* _EXERCISE INSTRUCTIONS_: For this exercise, repeat the whole listing below exactly. Leave the pictures out.

--- COLLECTED MATERIAL ---

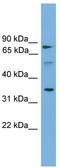 Solute Carrier Family 51 Alpha Subunit antibody, TA338900, Origene, Western Blot image 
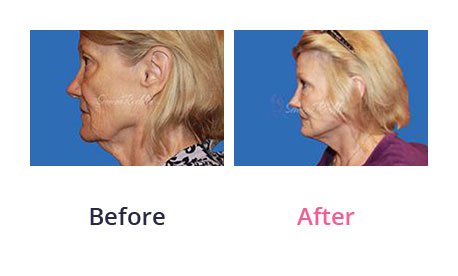 Mini-Facelift-img-4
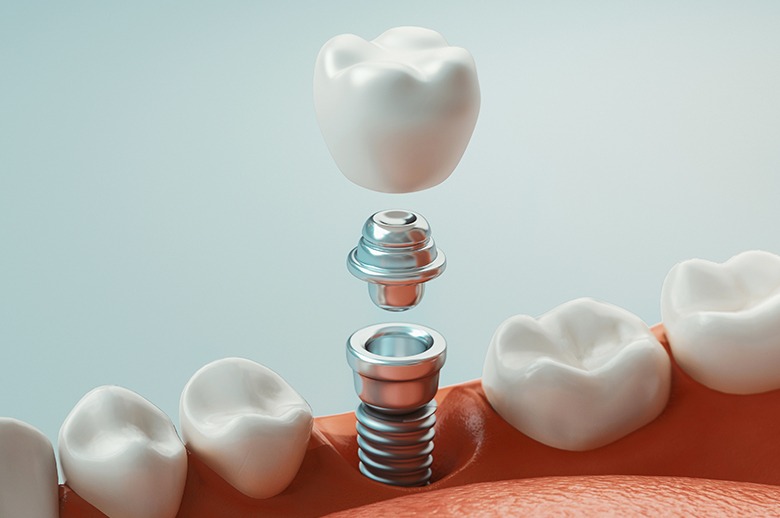 Patient smiling with Invisalign aligners in place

---

* _RESULT FOR THIS EXERCISE_:
 Solute Carrier Family 51 Alpha Subunit antibody, TA338900, Origene, Western Blot image 
 Mini-Facelift-img-4
 Patient smiling with Invisalign aligners in place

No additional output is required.